First Half Fiscal 2021 (See attached table for GAAP and Non-GAAP measures)

  • Net sales were $158.2 million compared to $304.4 million in the first six months of fiscal 2020, a decrease of 48.0% primarily due to the COVID-19 pandemic. Net sales on a constant dollar basis decreased 47.8%.
  • Gross profit was $77.2 million, or 48.8% of sales, compared to $164.2 million, or 54.0% of sales in the same period last year. Adjusted gross profit for the first six months of fiscal 2021, which excludes $3.5 million in corporate initiative charges related to the impact to the business of the COVID-19 pandemic, was $80.8 million, or 51.0% of net sales. Adjusted gross profit for the first six months of fiscal 2020, which excludes $0.1 million in adjustments associated with the amortization of acquisition accounting adjustments related to the MVMT acquisition, was $164.4 million, or 54.0% of net sales. The decrease in adjusted gross margin percentage was primarily the result of decreased leverage on fixed costs due to decreased sales, unfavorable changes in channel and product mix, unfavorable foreign currency exchange rates and U.S. special tariff headwinds.
  • Operating expenses were $268.3 million as compared to $150.5 million in the first six months of last fiscal year. For the first six months of fiscal 2021, adjusted operating expenses were $99.0 million, which excludes $155.9 million in adjustments related to the impairment of goodwill and certain intangible assets, $11.1 million in corporate initiative charges related to the impact to the business from the COVID-19 pandemic, $1.4 million of expenses associated with the amortization of acquired intangible assets related to Olivia Burton and $1.0 million in adjustments associated with the amortization of acquired intangible assets and deferred compensation related to the MVMT acquisition. For the first six months of fiscal 2020, adjusted operating expenses were $146.9 million, which excludes $1.4 million of expenses associated with the amortization of acquired intangible assets related to Olivia Burton and $2.5 million in adjustments associated with the amortization of acquired intangible assets, accounting adjustments and deferred compensation related to the MVMT acquisition, partially offset by $0.3 million in adjustments associated with the change in estimate of the remaining accrual for the fiscal 2018 cost saving initiatives.
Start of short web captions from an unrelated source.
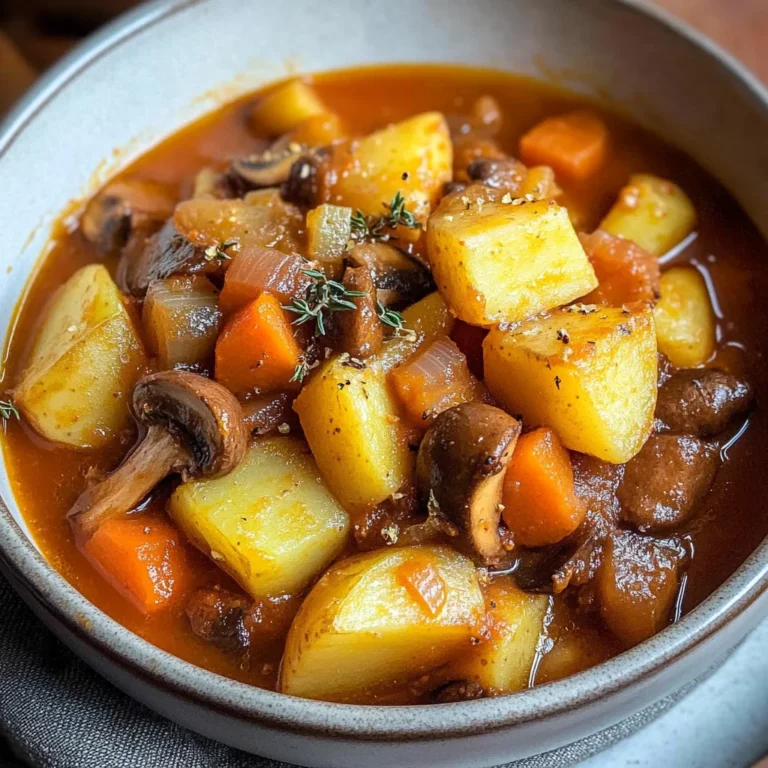 Hearty Potato Stew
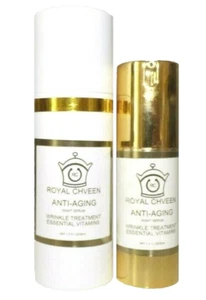 Royal Chveen Anti-Aging Night Serum + Vitamin A C D E 1,FL OZ - Picture 1 of 2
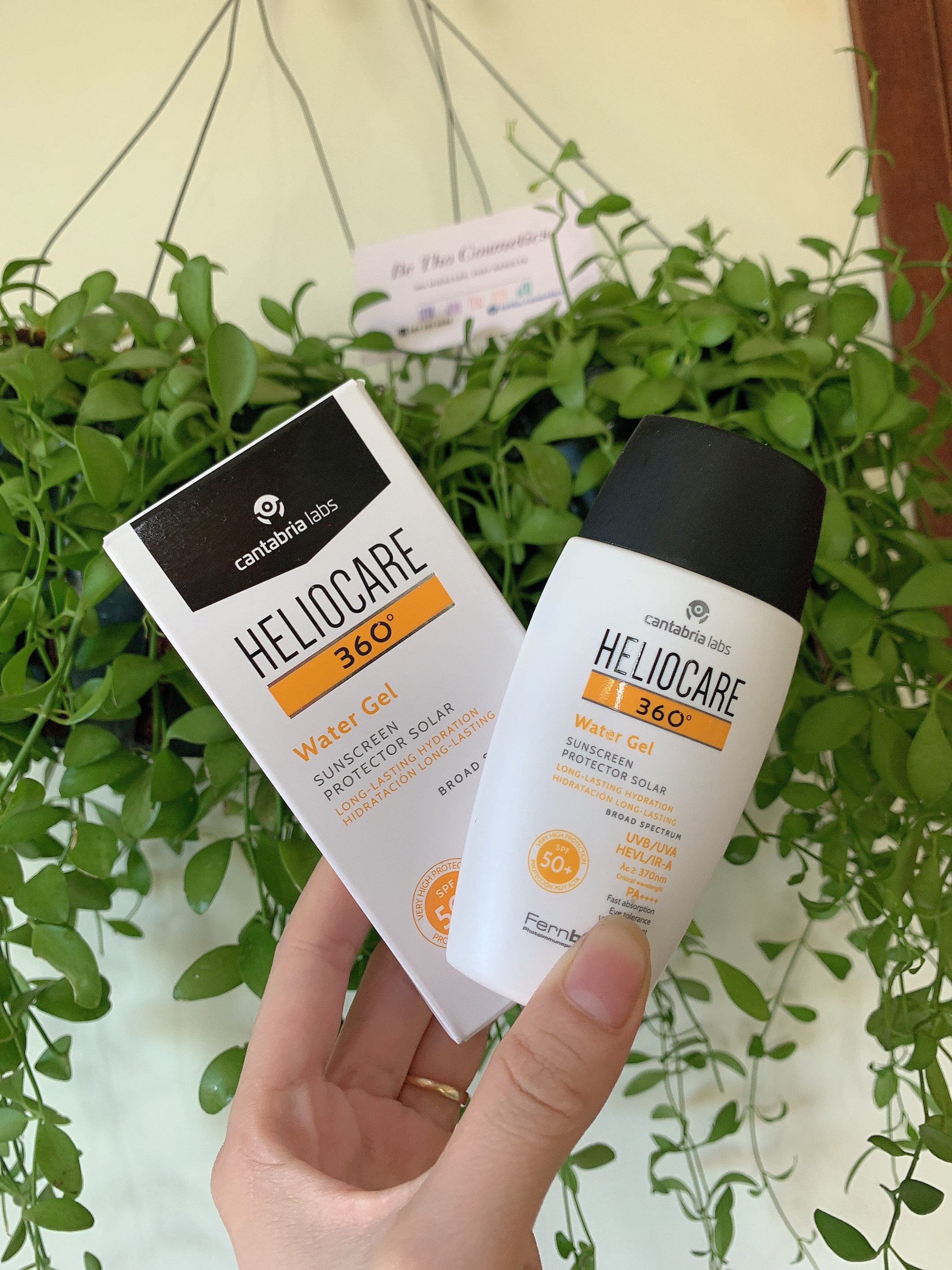 Kem chống nắng Heliocare 360 Water Gel Spf50+ 50ml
The decrease in adjusted operating expenses was primarily due to the Company’s initiative to minimize all non-essential operating expenses such as certain marketing, selling and payroll related expenses.
  • Operating loss was $191.1 million compared to operating income of $13.8 million in the first six months of fiscal 2020. Adjusted operating loss for the first six months of fiscal 2021 was $18.2 million, which excludes the fiscal 2021 charges listed in the immediately preceding bullet, compared to adjusted operating income of $17.4 million in the first six months of fiscal 2020 which excludes the fiscal 2020 net charges listed in the immediately preceding bullet.
  • The Company recorded a tax benefit in the first six months of fiscal 2021 of $33.9 million as compared to a tax provision of $5.6 million in the first six months of last year. Based upon adjusted pre-tax income, the adjusted tax benefit was $4.3 million in the first half of fiscal 2021 compared to an adjusted tax provision of $3.1 million in the first half of fiscal 2020.
  • Net loss was $156.6 million, or $6.75 per diluted share, compared to net income of $21.4 million, or $0.92 per diluted share, in the first six months of fiscal 2020. Adjusted net loss for the first half of fiscal 2021 was $14.7 million, or $0.63 per diluted shares, which excludes $131.1 million, net of $24.9 million of tax, in adjustments related to the impairment of goodwill and certain intangible assets, $10.0 million, net of $4.6 million of tax, in corporate initiative charges related to the impact to the business from the COVID-19 pandemic, $1.1 million, net of $0.3 million of tax, of expenses associated with the amortization of acquired intangible assets related to Olivia Burton and $0.6 million, net of $0.4 million of tax, in adjustments associated with the amortization of acquired intangible assets and deferred compensation related to the MVMT acquisition, and $0.8 million, net of $0.5 million of tax, associated with a gain on the sale of a non-operating asset in Switzerland. This compares to adjusted net income for the first half of fiscal 2020 of $13.9 million, or $0.60 per diluted share, which excludes $1.1 million, net of $0.3 million of tax, of expenses associated with the amortization of acquired intangible assets related to Olivia Burton; $2.0 million, net of $0.6 million of tax, of expenses related to the amortization of acquired intangible assets, accounting adjustments and deferred compensation related to MVMT; $10.4 million, net of $3.3 million of tax, of gains associated with the remeasurement of the contingent consideration liability associated with the MVMT acquisition; and $0.2 million, net of $0.1 million of tax, of gains associated with the change in estimate of the remaining accrual for the fiscal 2018 cost saving initiatives.

Fiscal 2021 Outlook

Given the dynamic nature of the COVID-19 crisis and lack of visibility, the potential financial impact to the business cannot be reasonably estimated. The Company is not providing fiscal 2021 guidance.

Conference Call

The Company’s management will host a conference call and audio webcast to discuss its results today, August 27, 2020 at 9:00 a.m. Eastern Time. The conference call may be accessed by dialing (877) 407-0784. Additionally, a live webcast of the call can be accessed at www.movadogroup.com. The webcast will be archived on the Company’s website approximately one hour after the conclusion of the call. Additionally, a telephonic re-play of the call will be available at 12:00 p.m. ET on August 27, 2020 until 11:59 p.m. ET on September 10, 2020 and can be accessed by dialing (844) 512-2921 and entering replay pin number 13708469.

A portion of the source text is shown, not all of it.